As a Senior Data Engineer II, you will provide technical leadership to clients in a team that designs and develops path-breaking large scale cluster data processing systems. You will mentor sophisticated organizations on large scale data and analytics and work with client teams to deliver results.
Additionally, as a senior member of our Consulting team, you will help Think Big, A Teradata Company establish thought leadership in the big data space by contributing white papers, technical commentary and representing our company at industry conferences.
Design and develop code, scripts and data pipelines that leverage structured and unstructured data integrated from multiple sources. Software installation and configuration. Participate in and help lead requirements and design workshops with our clients. Develop project deliverable documentation. Lead small teams of developers and coordinate development activities. Mentor junior members of the team in software development best practices. Other duties as assigned.

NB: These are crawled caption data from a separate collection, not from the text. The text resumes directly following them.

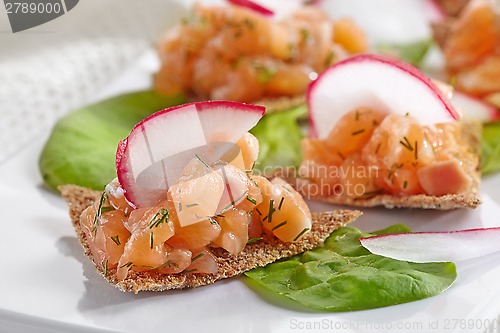 Image of canapes with salmon tartare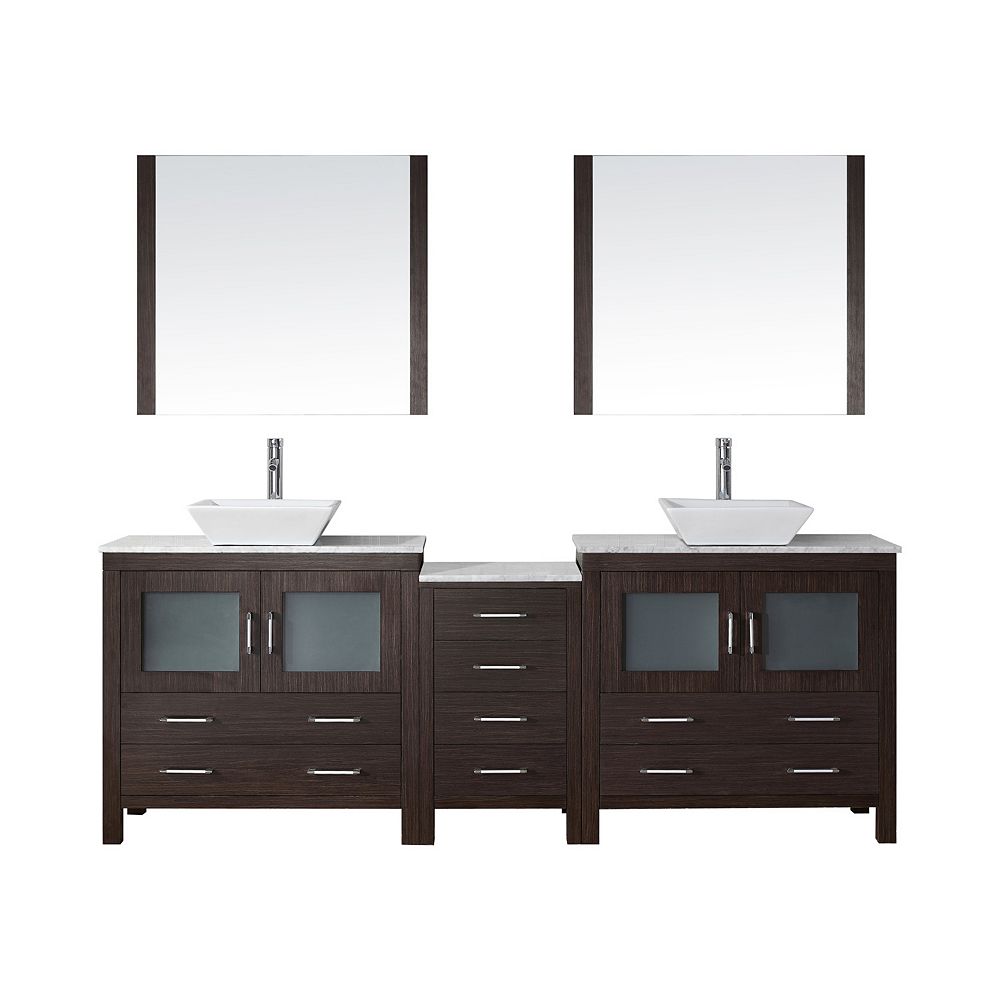 Virtu USA Dior 90-inch Double Vanity in Espresso with Marble Top, Square Sink with Chrome ...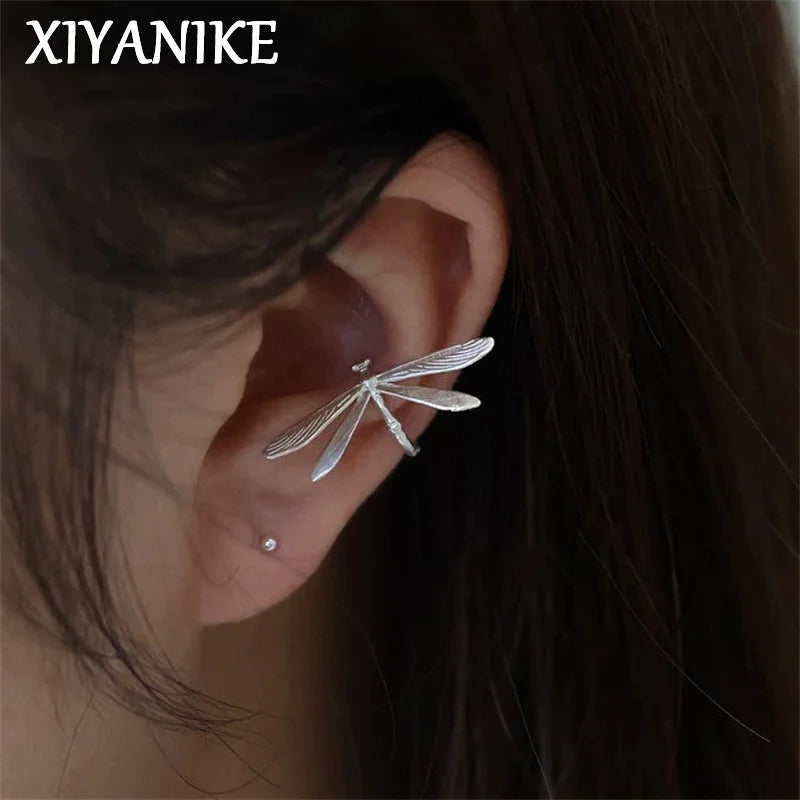 XIYANIKE Vintage Delicate Dragonfly No Hole Ear Bone Clip Earrings For Women New Fashion Jewelry Party Gift серьги жен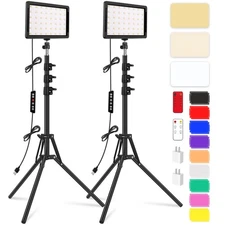 2 Packs LED Video Light Kit with 61.99" Tripod Stand, Dimmable 2400-6800K Pho...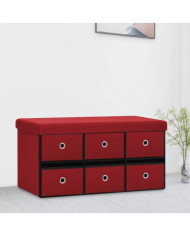 Banc de rangement pliable Bordeaux 76x38x38 cm Faux lin | Mobilier & Déco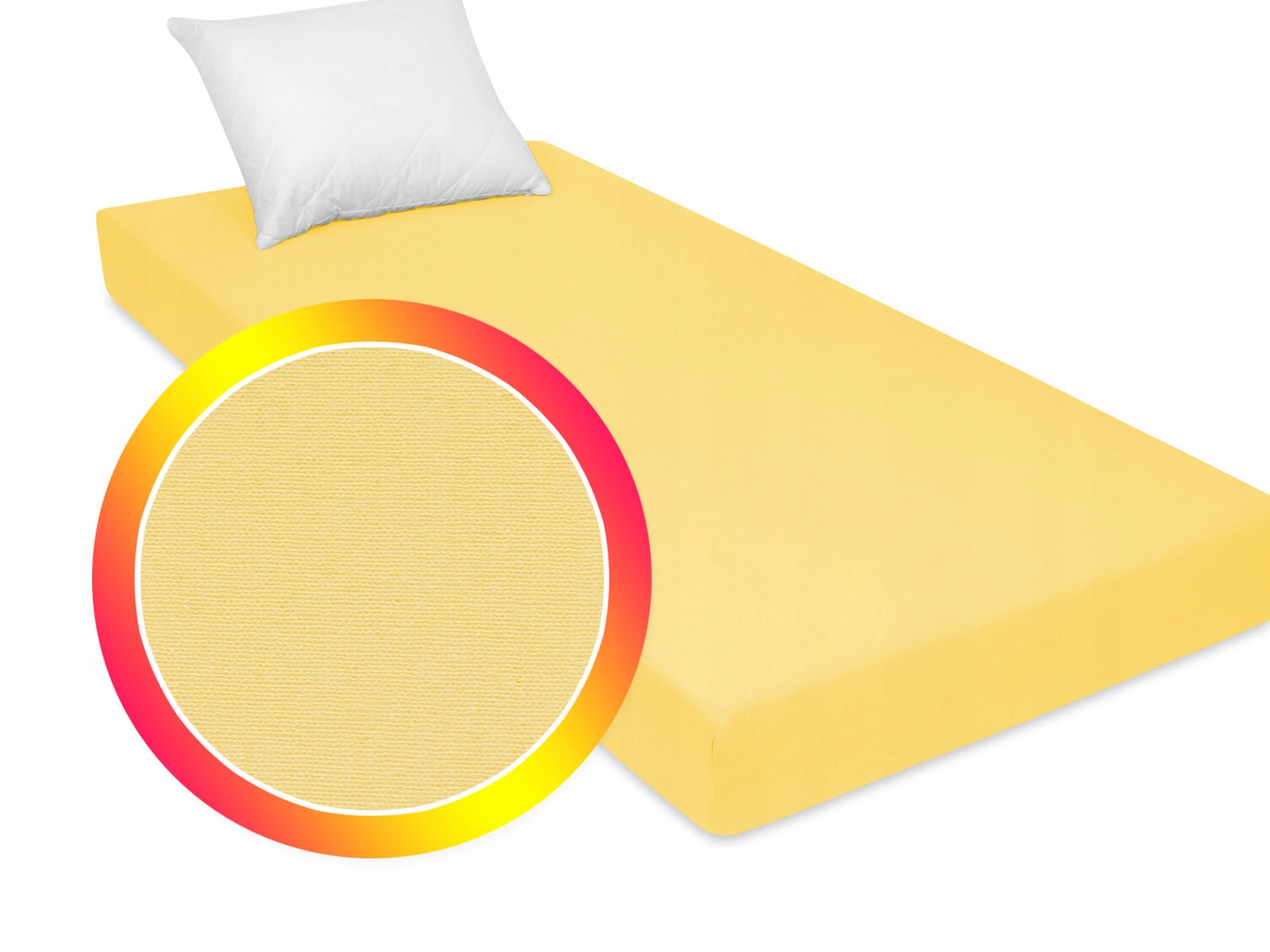 

Prześcieradło żółte jednolite z gumką 90x180 cm
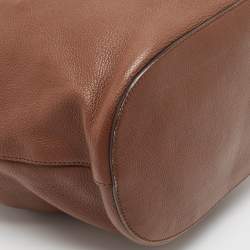 Pre Owned Gucci Dark Brown Leather Lady Tassel Hobo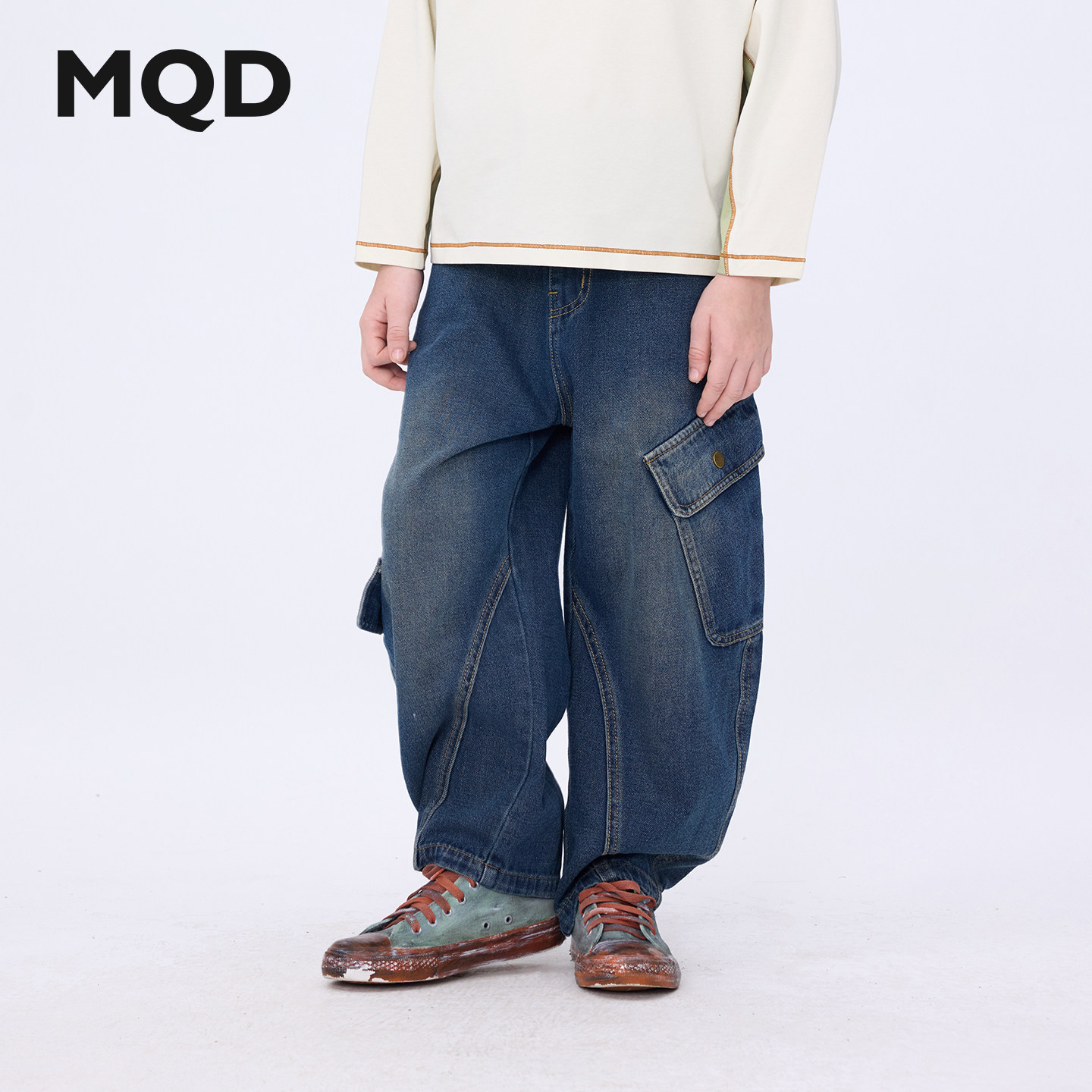 MQD男童美式工装阔腿牛仔裤图片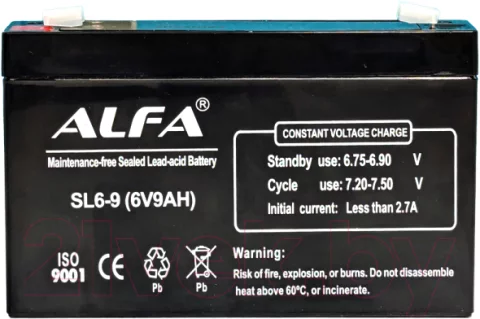Аккумуляторная батарея ALFA battery SL6-9 (6V-9Ah)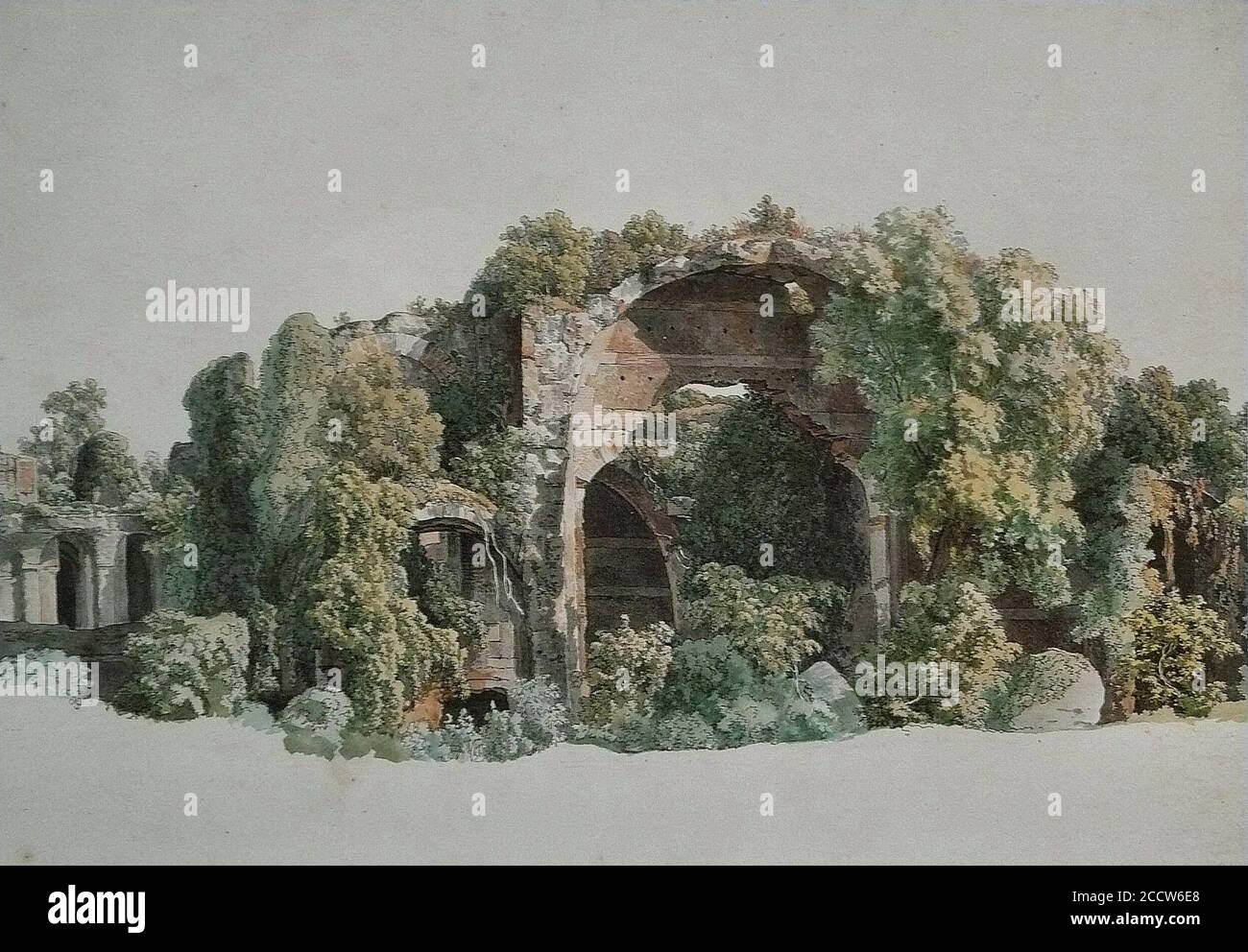 Johann Christian Reinhart - Ruines de la Villa Adriana à Tivoli. Stock Photo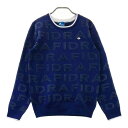 FIDRA フィドラ クルーネック ニットセーター 総柄 ネイビー系 L 【中古】ゴルフウェア レディース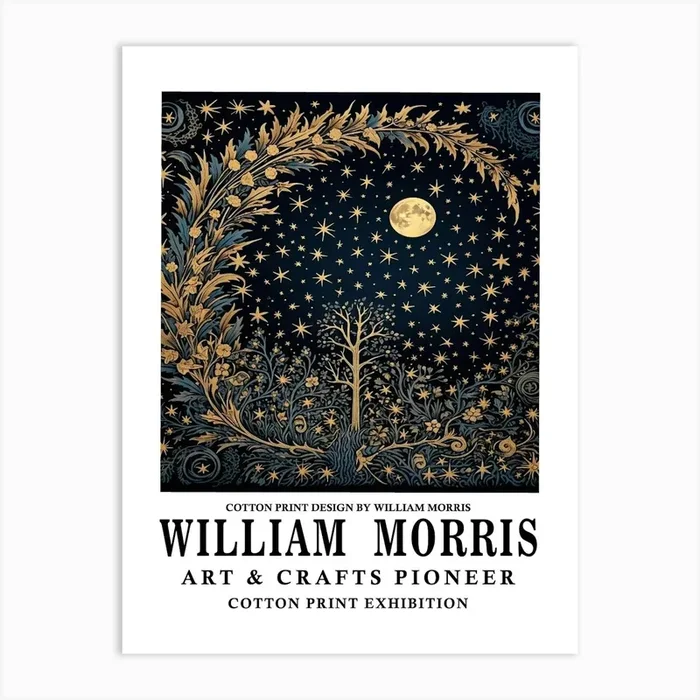 William Morris Print Moon Night Forest 31 3 Art Print by shoopshirt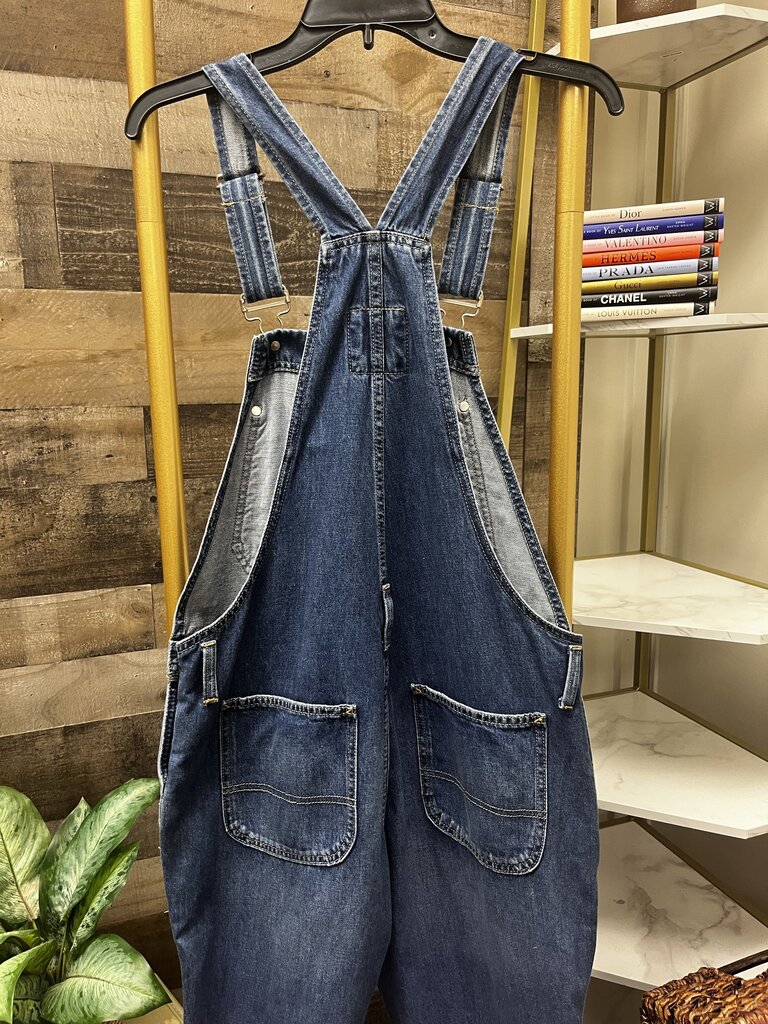 GAP Cropped Slouch Denim Overalls Women's Dark Wash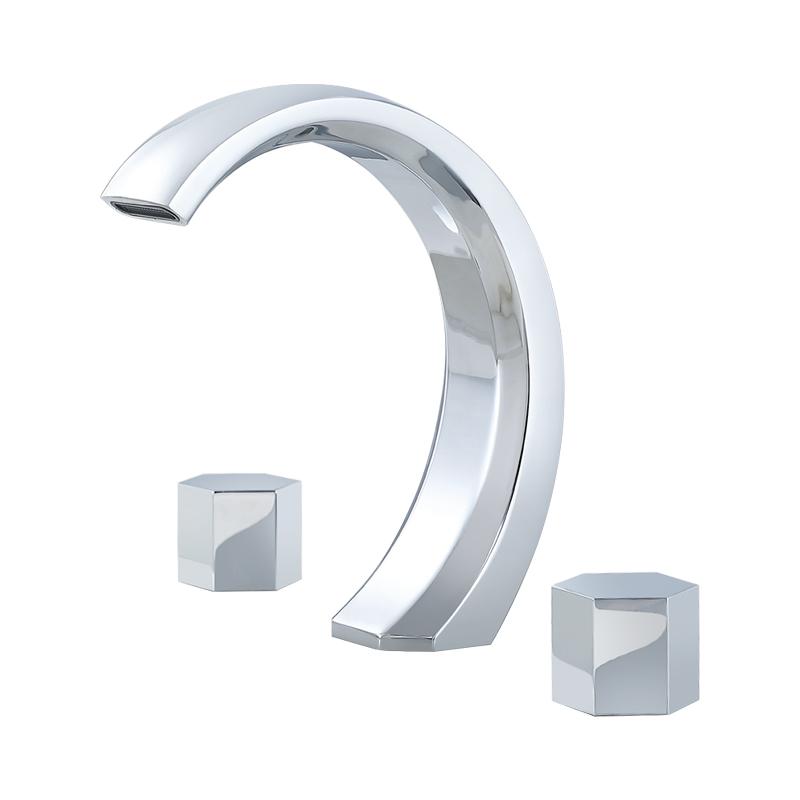 

Light Luxury Bathroom Basin Faucet Gun Gray Copper Three Holes Two Handles Hot Cold Mixed Water Faucet Household Basin Tap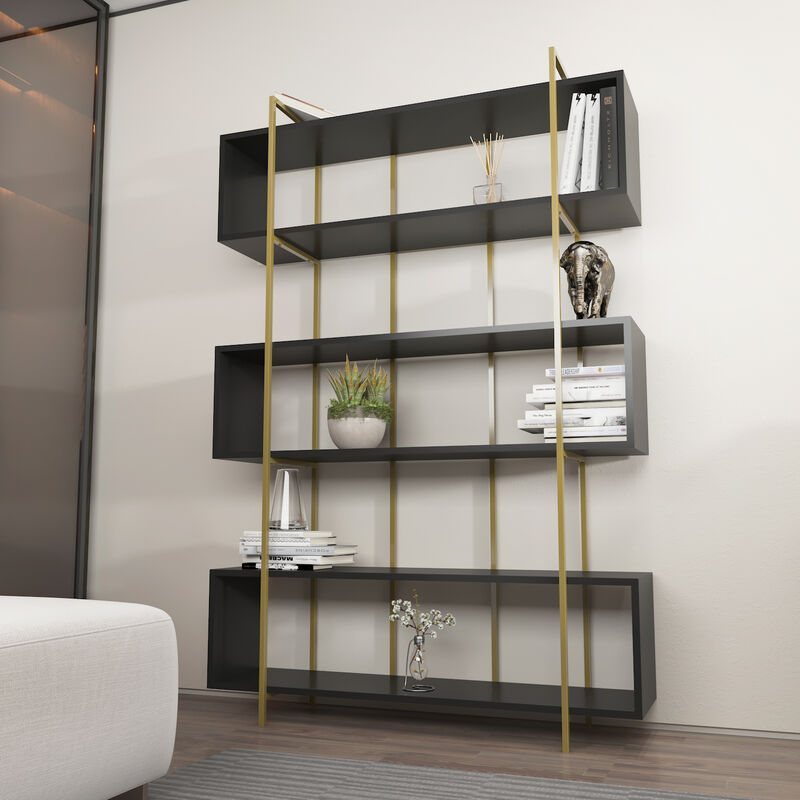 Bruti 5-Tier Bookcase Bookshelf Display Unit - Anthracite and Gold - Decorotika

• Proven expertise in production software development
• 10+ years of experience programming in Java, Python, SQL, or C/C++
• Proficient in SQL, NoSQL, relational database design and methods for efficiently retrieving data
• Strong analytical skills
• Creative problem solver
• Excellent verbal and written communications skills
• Strong team player capable of working in a demanding start-up environment
• Experience building complex and non-interactive systems (batch, distributed, etc.)
• Experience building large scale data science pipelines end to end
• Ability to understand and tune data science models in variety of languages (Python, R, Scala)
• Prior consulting experience
• Prior experience working as a data engineer in a telecom company
• Good cross industry experience.
• Experience with Spark, Hadoop and JMS: JBoss
• Experience designing and tuning high performance systems
• Familiarity with data lakes (Kylo, NiFi)
• Prior experience with data warehousing and business intelligence systems
• Professional or academic background that includes mathematics, statistics, machine learning and data mining
• Linux expertise
• Experience in JavaEE and REST web services
• Commercial experience with Elasticsearch and Apache Spark
• Experience with TDD and BDD
• Prior work and/or research experience with unstructured data and data modeling
• Familiarity with different development methodologies (e.g., agile, waterfall, XP, scrum, etc.)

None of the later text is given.